There are ways to send data to multiple providers, but unfortunately all of the methods of which I am aware of only mirror data between like systems, which doubles the cost. What would be very beneficial is a WORM copy into cold storage, such as Amazon Glacier, which is ¼ the price of Amazon’s standard offering. Glacier also has a WORM offering that can protect your data from accidental erasure or purposeful erasure by hackers or rogue admins.
Another feature I’d like to see added to any such cloud caching products is two-factor delete for anything other than moving files into a trash bin. Do you want to delete an entire bucket, folder, or permanently delete some files? I think you should not be able to do that without two or maybe three authorized people turning the key, just like the two keys in a missile silo or a safe deposit box at your bank. This would be an easy feature to add, in my opinion.
I know I still haven’t answered the question. If money were free, then my answer would be a definite yes. I’ve said it before and I will say it again: If it is important enough to store once, it is important enough to store twice. (And storing it in a single object storage system doesn’t count as twice even if it uses replication.) If it’s not important enough to store twice, then I’m not sure why we would store it in the first place. But that’s a purist point of view, and does not take into account that there are now classes of data we are keeping around for a very long time that have very low actual value to the company. It may very well be that the data that is stored in a single cloud vendor may be lower than the cost of storing it in multiple cloud vendors. If the cost to the company of losing any particular data set is less than the cost of backing it up, than even I would say you don’t need to back it up. Plus given the fact that, to date, I can’t find a case of a cloud provider losing a client’s data, my concern over data loss may be considered old fashion.
But if you the data you store only in a single cloud vendor has value greater than the cost of storing it in a second cloud vendor, I would urge you to consider doing so.
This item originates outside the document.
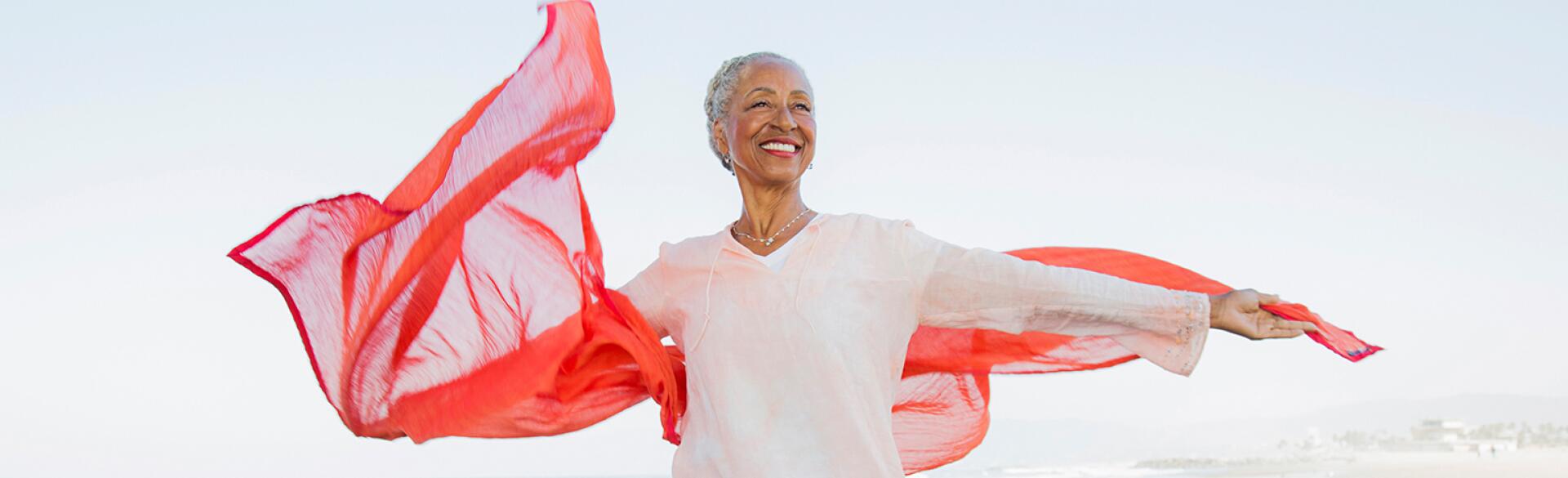 image_of_mature_black_woman_on_beach_GettyImages-905548586_1540.jpg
Activate the mirroring function of your cloud caching appliance. Better yet, look into third-party solutions to do it for you, such as a cloud backup company that will backup data as soon as it is put on the local caching appliance. That way you are protecting yourself from a rolling code bug in the cloud vendor and the cloud caching appliance vendor. In addition, I think all storage vendors should look into two-factor delete. This would also protect against malware such as ransomware, if any previous versions of a file or object that was changed are stored somewhere, and those saved versions were not able to be deleted by any single person — including an all-powerful administrator. Problems solved; world peace obtained.